▸ Working data:
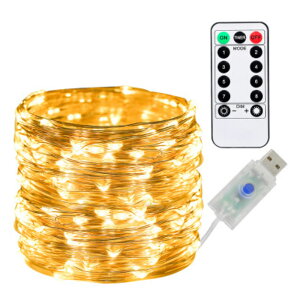 C~l[V led usb C~l[VCg  c[ 10m×100 20m×200 30m×300 WG[Cg ledC~l[VCg USBd NX}XC~l[V NX}X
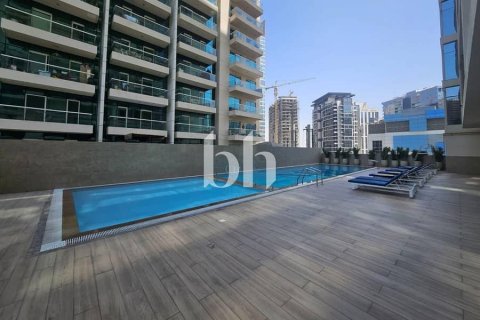 شقة في الخليج التجاري, دبي 2 غرف نوم, 123 م² رقم 56351 - صورة 12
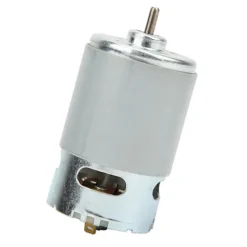 Online Set med 3 Mikrofiberdukar för Ångmopp H2o Mopp X5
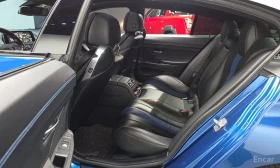 BMW 640 xDrive M Sport* LIMITED EDITION* INDIVIDUAL* CARBO | Auto.bg — изображение 10 BMW 640 xDrive M Sport* LIMITED EDITION* INDIVIDUAL* CARBO | Auto.bg — изображение 10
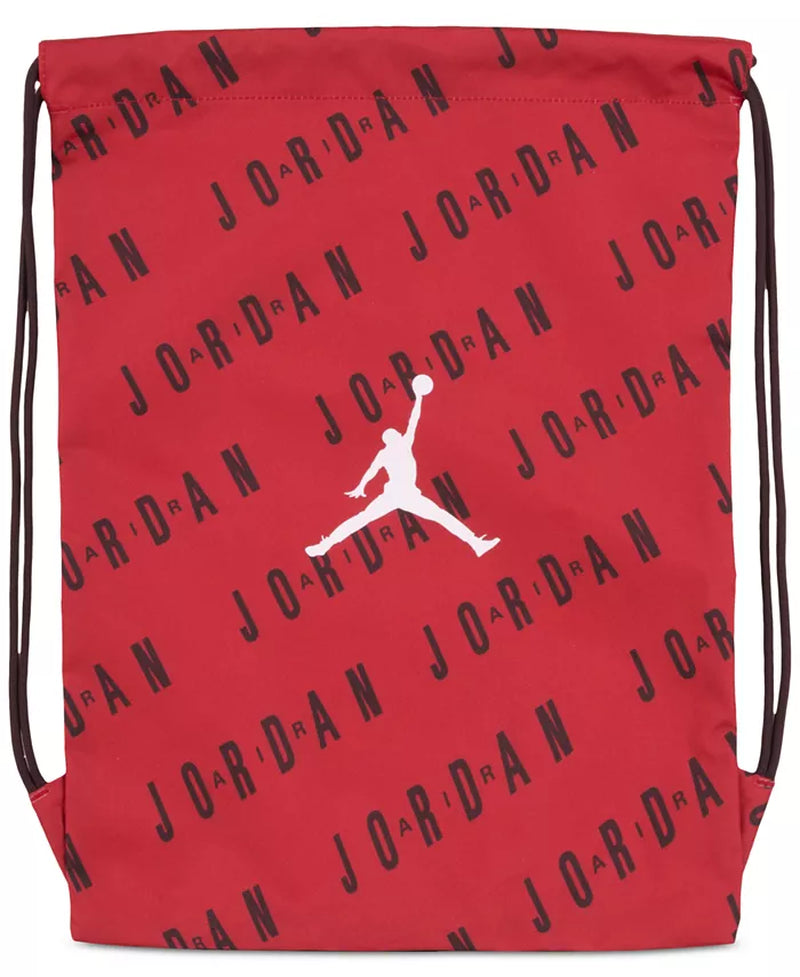 Core Gym Sack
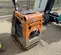 2021 Multiquip MVH508DZ Vibratory Plate Compactor
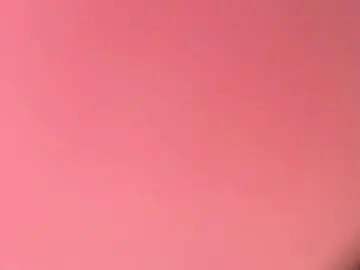 Chaturbate Nude Webcam of zoeyportland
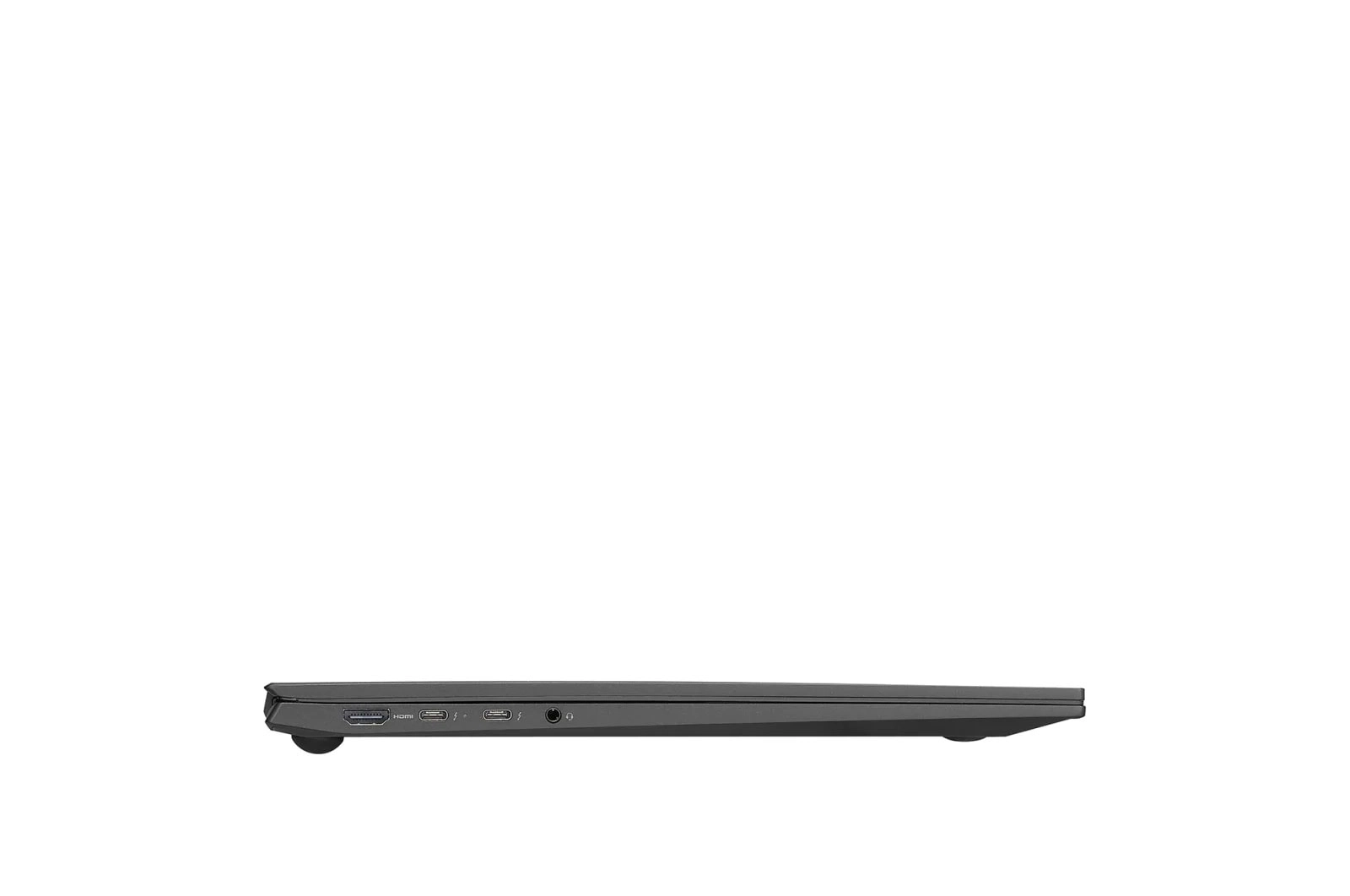 (Open Box) GRAM 17Z90P - 17'' 1TB 16GB i7-1165G7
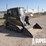 deere-325g-image-2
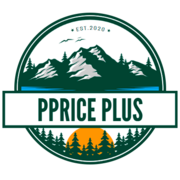 PPricePlus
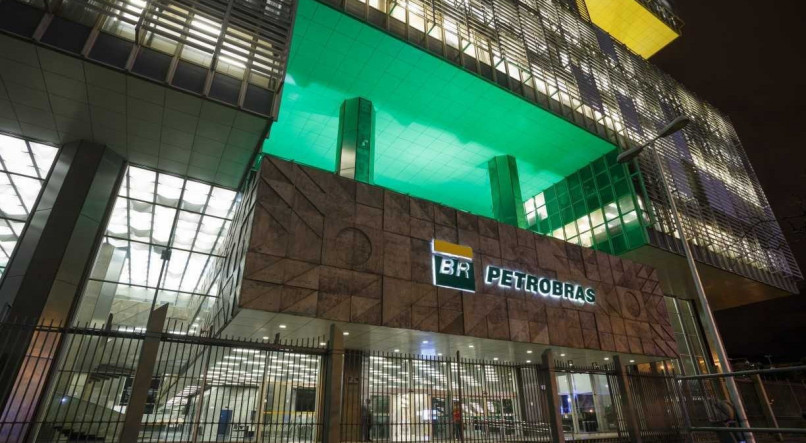 A&ccedil;&atilde;o trabalhista pode ter um impacto de pelo menos R$ 47 bilh&otilde;es para a Petrobras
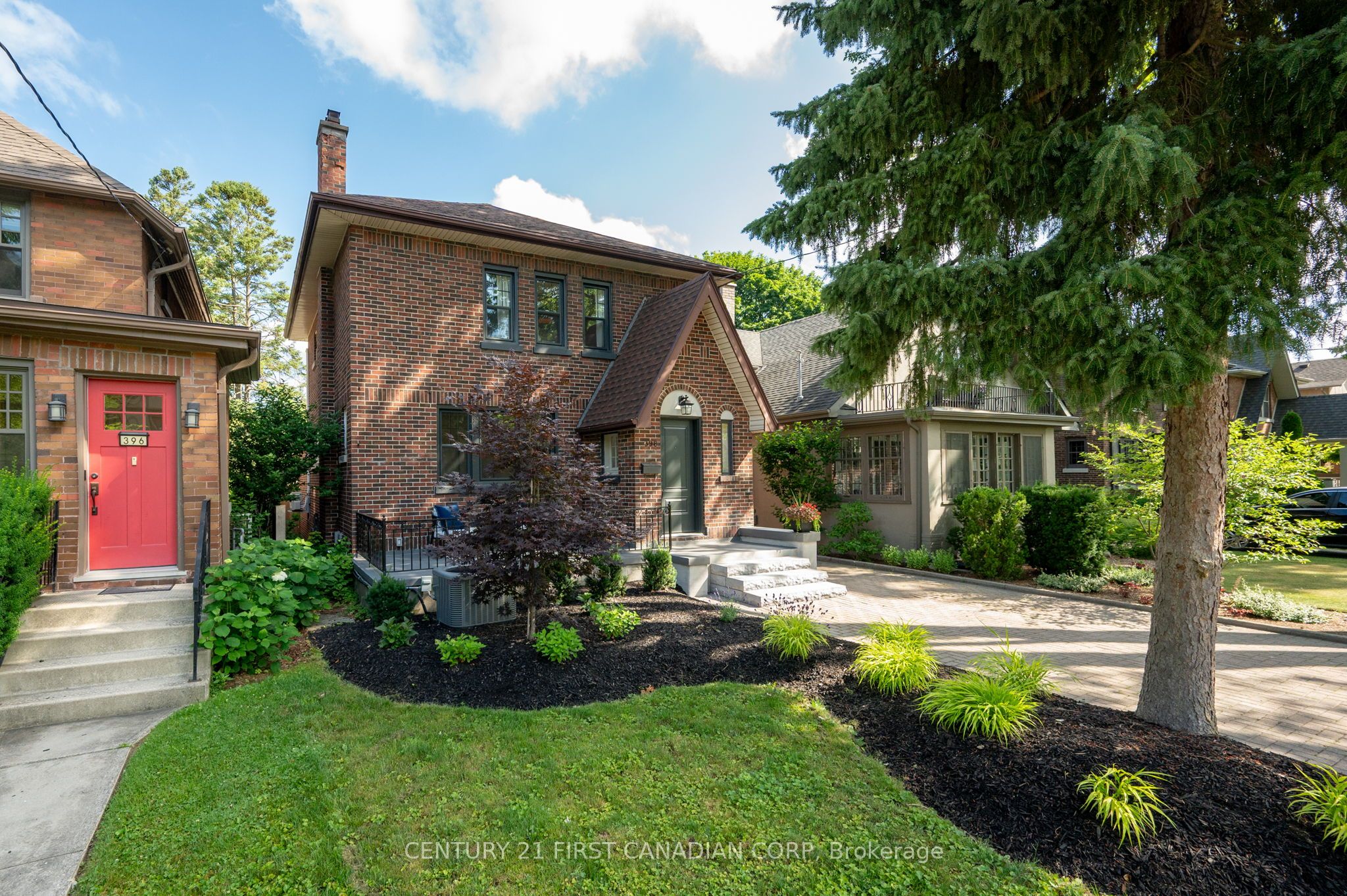 398 Victoria Street, London East, ON N5Y 4A9 photo 3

▸ Task prompt: Please write out the lines from the one that holds "изображение 10 BMW" through the end of the material, both ends included, exactly and with no pictures.

▸ Finished task:
 BMW 640 xDrive M Sport* LIMITED EDITION* INDIVIDUAL* CARBO | Auto.bg — изображение 10 BMW 640 xDrive M Sport* LIMITED EDITION* INDIVIDUAL* CARBO | Auto.bg — изображение 10
 Core Gym Sack
 2021 Multiquip MVH508DZ Vibratory Plate Compactor
 Chaturbate Nude Webcam of zoeyportland
 (Open Box) GRAM 17Z90P - 17'' 1TB 16GB i7-1165G7
 deere-325g-image-2
 PPricePlus
 A&ccedil;&atilde;o trabalhista pode ter um impacto de pelo menos R$ 47 bilh&otilde;es para a Petrobras
 398 Victoria Street, London East, ON N5Y 4A9 photo 3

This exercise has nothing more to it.